「糖尿病が疑われる」との結果が出たら、かかりつけ医を受診しましょう

糖尿病を放置する人が増えている

糖尿病の患者をみると毎年増え続けています。2015年には全国の糖尿病患者数は890万人、糖尿病の可能性を否定できない人を含めると2210万人にのぼっています。

日本人は定期的に健診を受け、病気が判明すると医療保険の下で、安価に世界最高水準の治療が受けられる環境にあります。
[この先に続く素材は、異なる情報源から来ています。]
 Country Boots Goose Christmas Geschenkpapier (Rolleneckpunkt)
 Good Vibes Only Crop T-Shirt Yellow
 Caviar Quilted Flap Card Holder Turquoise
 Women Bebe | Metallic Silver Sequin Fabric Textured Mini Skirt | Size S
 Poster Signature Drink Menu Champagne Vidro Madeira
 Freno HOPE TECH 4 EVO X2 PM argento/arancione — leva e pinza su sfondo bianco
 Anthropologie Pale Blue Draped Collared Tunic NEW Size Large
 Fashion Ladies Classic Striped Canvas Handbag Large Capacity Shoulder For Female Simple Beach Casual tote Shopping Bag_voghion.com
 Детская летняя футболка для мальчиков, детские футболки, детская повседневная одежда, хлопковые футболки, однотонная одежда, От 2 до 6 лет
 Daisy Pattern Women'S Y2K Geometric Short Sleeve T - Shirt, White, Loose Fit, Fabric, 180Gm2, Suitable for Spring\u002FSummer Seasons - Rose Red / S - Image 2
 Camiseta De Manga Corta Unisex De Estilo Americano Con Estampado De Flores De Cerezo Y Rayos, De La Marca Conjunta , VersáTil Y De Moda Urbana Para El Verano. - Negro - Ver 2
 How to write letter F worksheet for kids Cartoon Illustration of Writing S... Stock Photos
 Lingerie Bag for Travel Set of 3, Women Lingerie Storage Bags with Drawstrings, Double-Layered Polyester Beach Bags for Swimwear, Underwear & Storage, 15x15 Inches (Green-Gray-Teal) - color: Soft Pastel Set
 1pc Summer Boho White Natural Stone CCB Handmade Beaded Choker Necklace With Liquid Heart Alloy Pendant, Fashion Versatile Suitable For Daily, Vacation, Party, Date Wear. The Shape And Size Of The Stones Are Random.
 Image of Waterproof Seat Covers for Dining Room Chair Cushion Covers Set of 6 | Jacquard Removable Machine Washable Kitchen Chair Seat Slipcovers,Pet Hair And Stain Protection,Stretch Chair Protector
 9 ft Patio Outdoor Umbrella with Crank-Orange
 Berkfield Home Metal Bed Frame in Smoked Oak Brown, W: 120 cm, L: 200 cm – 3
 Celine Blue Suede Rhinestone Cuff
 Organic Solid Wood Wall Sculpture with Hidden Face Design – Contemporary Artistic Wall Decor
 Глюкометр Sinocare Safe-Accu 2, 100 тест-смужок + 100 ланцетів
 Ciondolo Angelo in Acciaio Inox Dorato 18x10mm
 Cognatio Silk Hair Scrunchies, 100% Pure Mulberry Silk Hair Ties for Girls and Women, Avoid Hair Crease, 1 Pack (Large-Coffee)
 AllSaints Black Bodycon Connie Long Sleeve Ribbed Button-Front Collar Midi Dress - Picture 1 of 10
ところが、健診で「血糖値が高い」と言われても治療を受けずに放置している方が非常に多いのです。「糖尿病放置病」が蔓延しているのです。

軽症でも高い心筋梗塞・脳梗塞のリスク

東京の中心にある病院にも、「朝起きたら目の前がぼやけて見えない」と駆け込んでくる方が毎週のように来られます。糖尿病性網膜症による眼底大出血です。高度な検査と治療を受ける機会に恵まれた日本において、未だに糖尿病のために中途失明する方が、網膜症、白内障、緑内障で1万人近くもおられるのです。

また糖尿病性腎症で腎不全となり人工透析を受けなくてはならなくなる方が毎年2万人弱もおられます。とても残念なことですが、その理由の大半は10年、15年と糖尿病を放置していたことであろうと思われます。

順天堂大学病院は20数年前に糖尿病の方では健常人に比べ、20年も早く動脈硬化症が進行していることを、頚動脈エコー法で証明しました。順天堂大学病院には、年間数百例の方が脳梗塞で緊急入院なさいます。その半数は「糖尿病の治療を受けている」と申告されます。

しかし、退院時にブドウ糖負荷試験をしてみると、正常な方は10%に満たないのです。すなわち、わずかな異常がある時期に、動脈硬化症は確実に進行し続けている、と考えられます。同様のことが心筋梗塞で入院してきた方にも当てはまります。

病気が軽症であっても、年齢が若くても、糖尿病患者は放置すると、心筋梗塞や脳梗塞を起こす危険性が高いと言わざるをえません。でも、なぜこの方々は放っでおいたのでしょうか。理由は二つ考えられます。

一つは「糖尿病に長年気が付かなかったから(=健診を受けていない)」、もう一つは「高血糖と言われていたけれど、無視していたから」です。

糖尿病は症状のない病気ですから、検査を受けなければ見つけられません。ですから健診で「糖尿病が疑われる」との結果が出たら、「軽症だから大丈夫」と糖尿病を甘くみないで、かかりつけ医を受診し、お一人お一人に合った、食事・運動・薬物療法を的確に指導してもらってください。